- Extracted data:
--------------------------------------------------

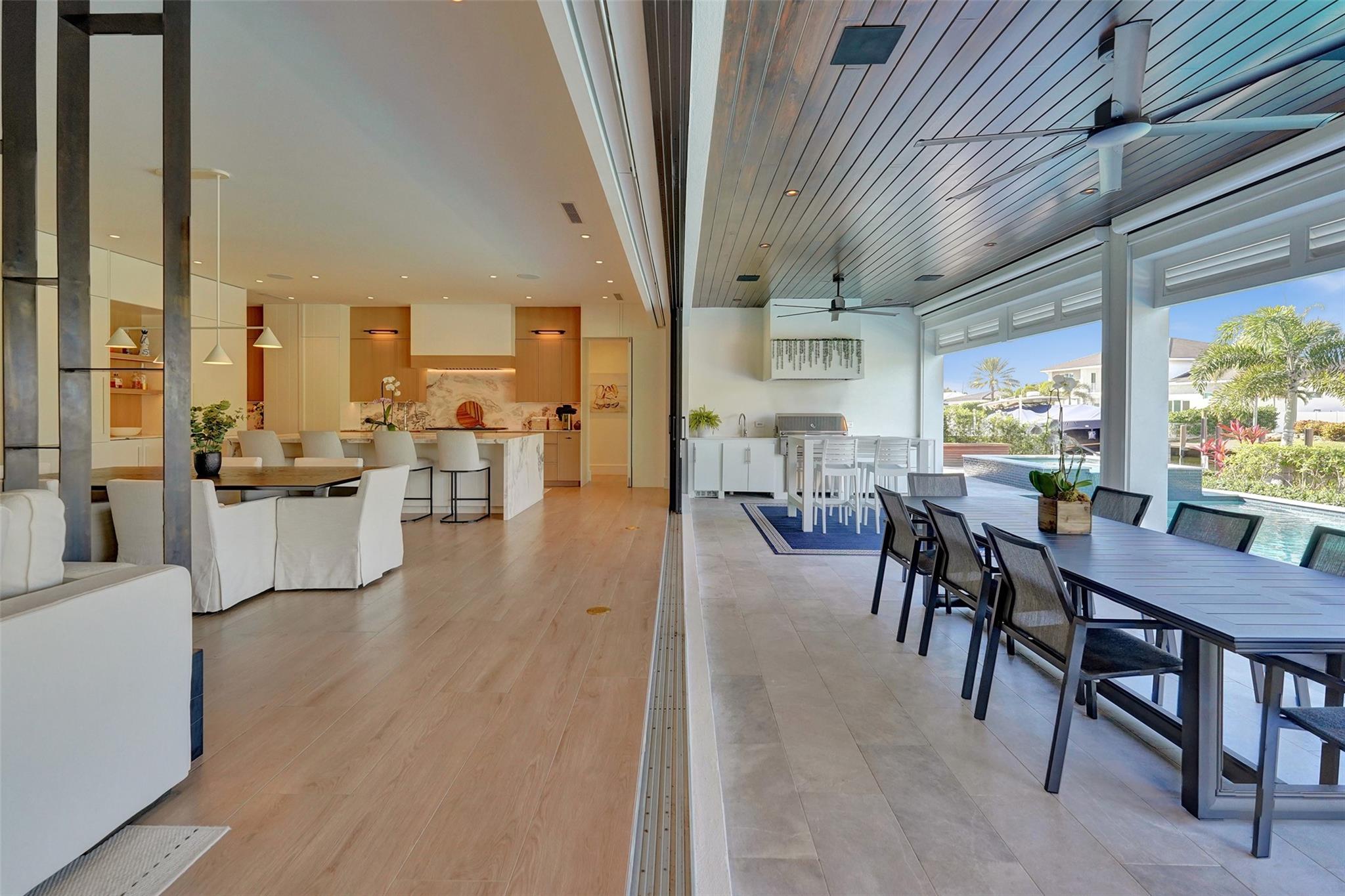 Pompano Waterway Estates - Residential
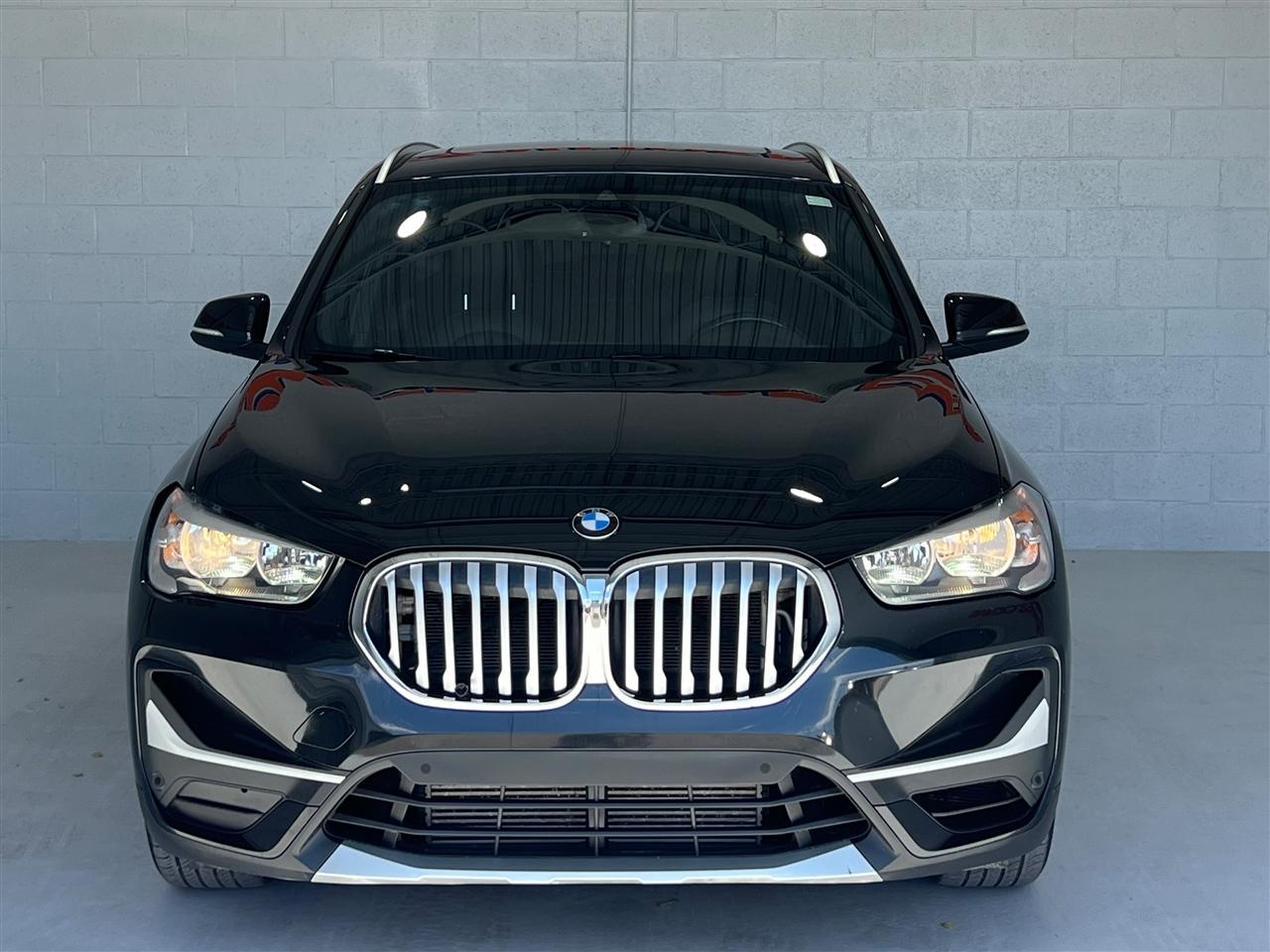 BMW X1 sDrive28i 2021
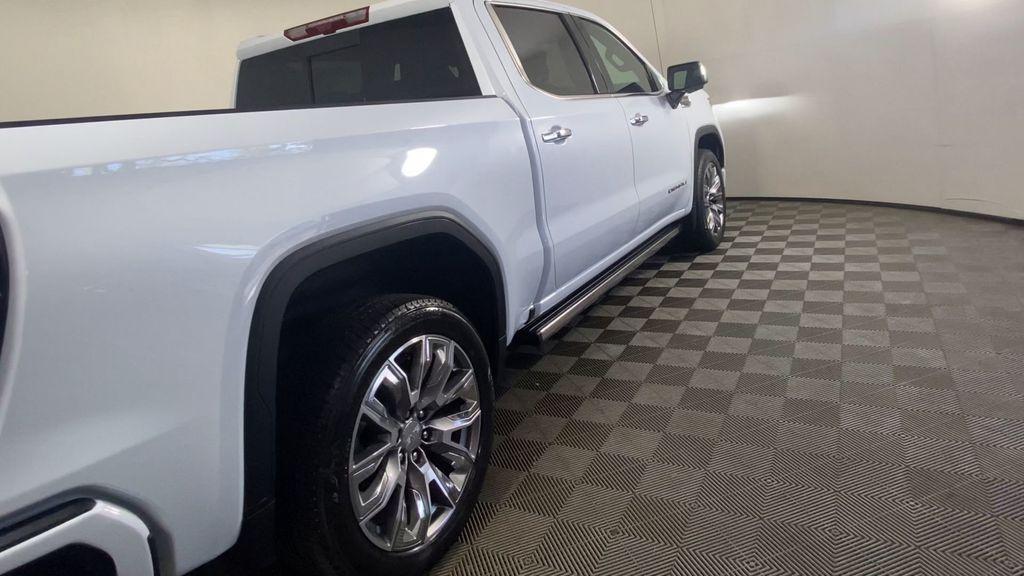 new 2026 GMC Sierra 1500 car, priced at $77,895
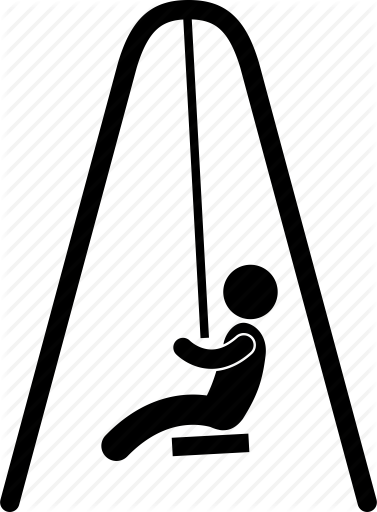 Activities By Gan Khoon Lay Fun Man - Park Symbol (377x512)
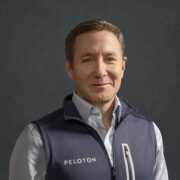 Former-Peloton-CEO-sells-shares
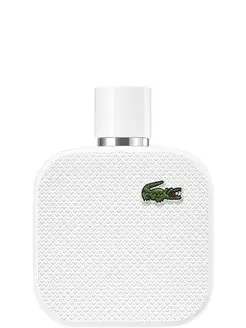 Туалетная вода Lacoste L.12.12 Blanc,Лакост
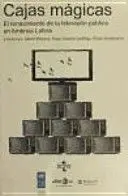 CAJAS MAGICAS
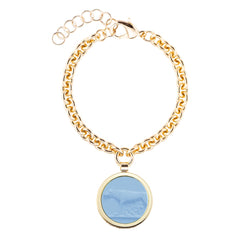 Sole Bracelet The She-wolf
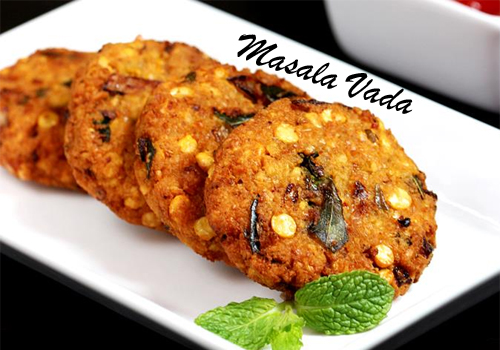 మసాలా వడ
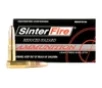 SINTERFIRE SF300BLK110RHA 300 BO RHA 110G LF 50 10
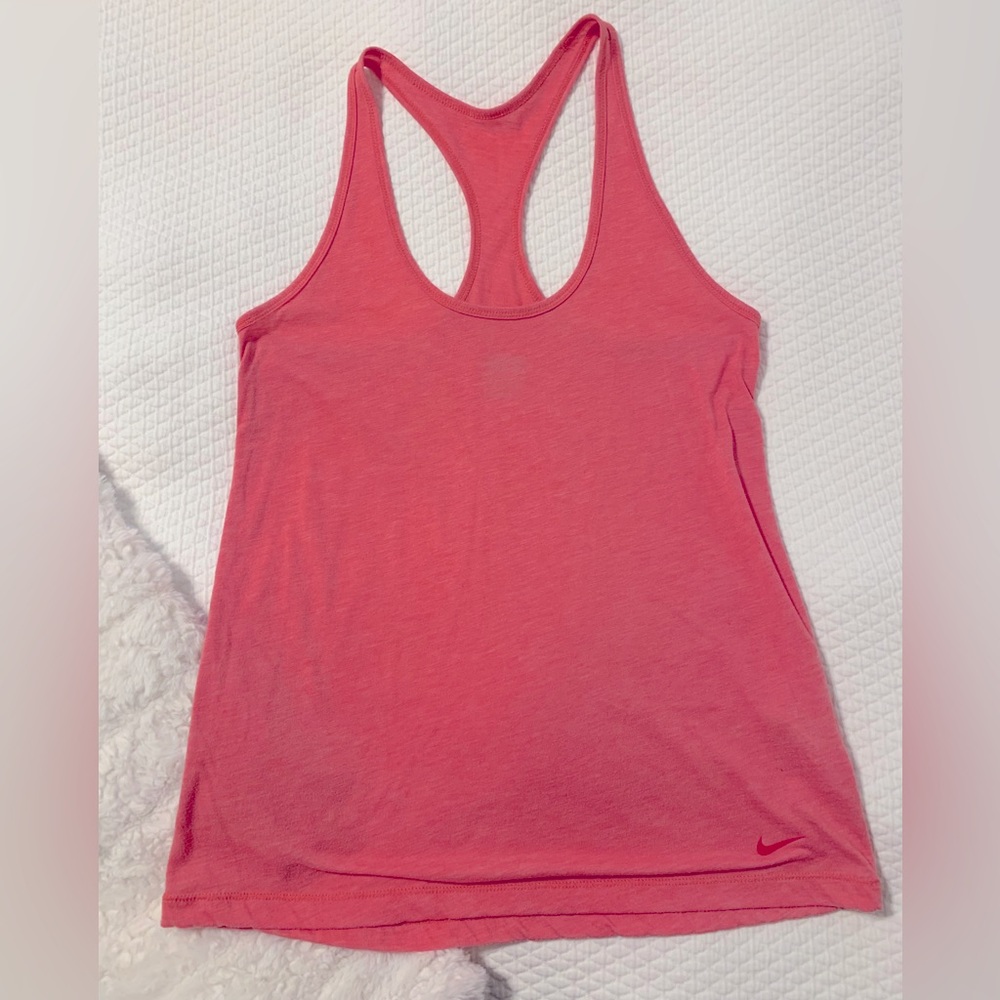 Nike Racerback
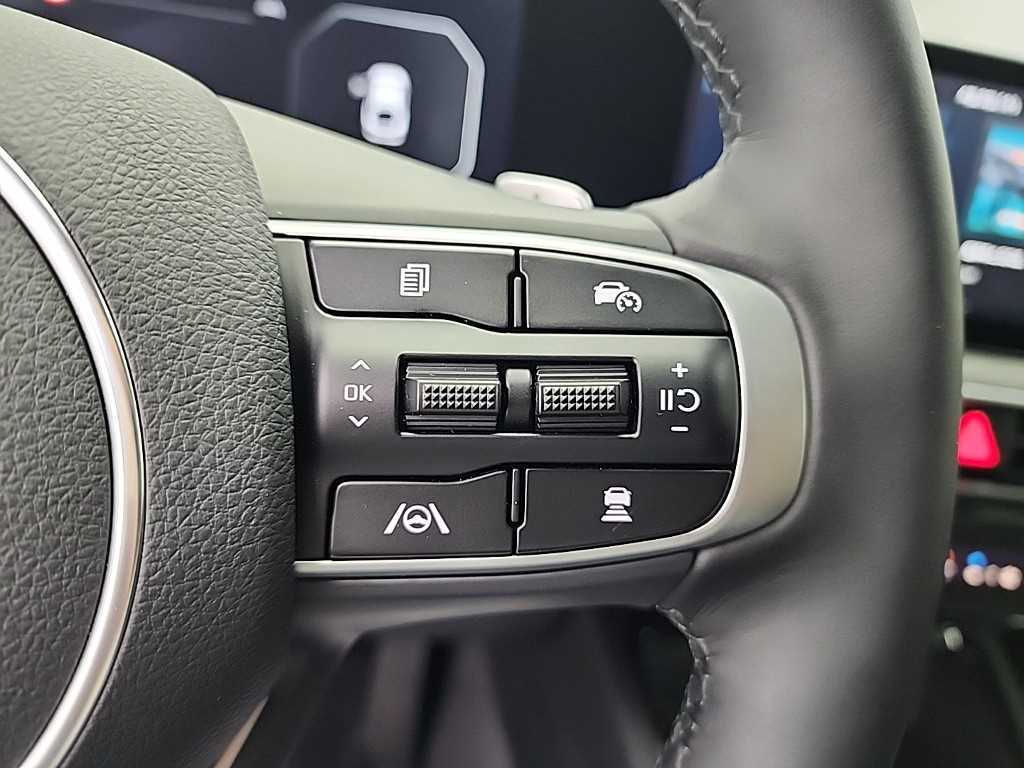 KIA K5 2025 Blanco - Importación desde Corea - HF Imports Iquique - Foto 16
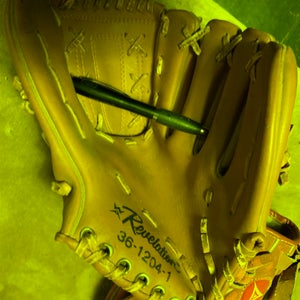 Used Revelation 36-1204-1 Glove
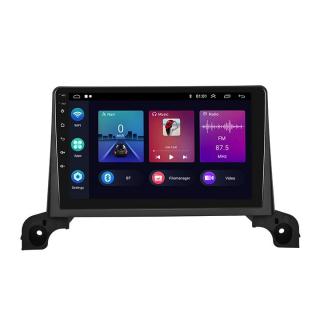 Navigatie Dedicata Peugeot 3008 5008 (2016 - 2021), 9Inch, 1Gb Ram, 32Gb Stocare, Carplay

--------------------------------------------------

- The task: Word for word, restate only the lines from the one bearing "SINTERFIRE SF300BLK110RHA 300" through the final line of the listing, inclusive, with no pictures.

- Expected output:
 SINTERFIRE SF300BLK110RHA 300 BO RHA 110G LF 50 10
 Nike Racerback
 KIA K5 2025 Blanco - Importación desde Corea - HF Imports Iquique - Foto 16
 Used Revelation 36-1204-1 Glove
 Navigatie Dedicata Peugeot 3008 5008 (2016 - 2021), 9Inch, 1Gb Ram, 32Gb Stocare, Carplay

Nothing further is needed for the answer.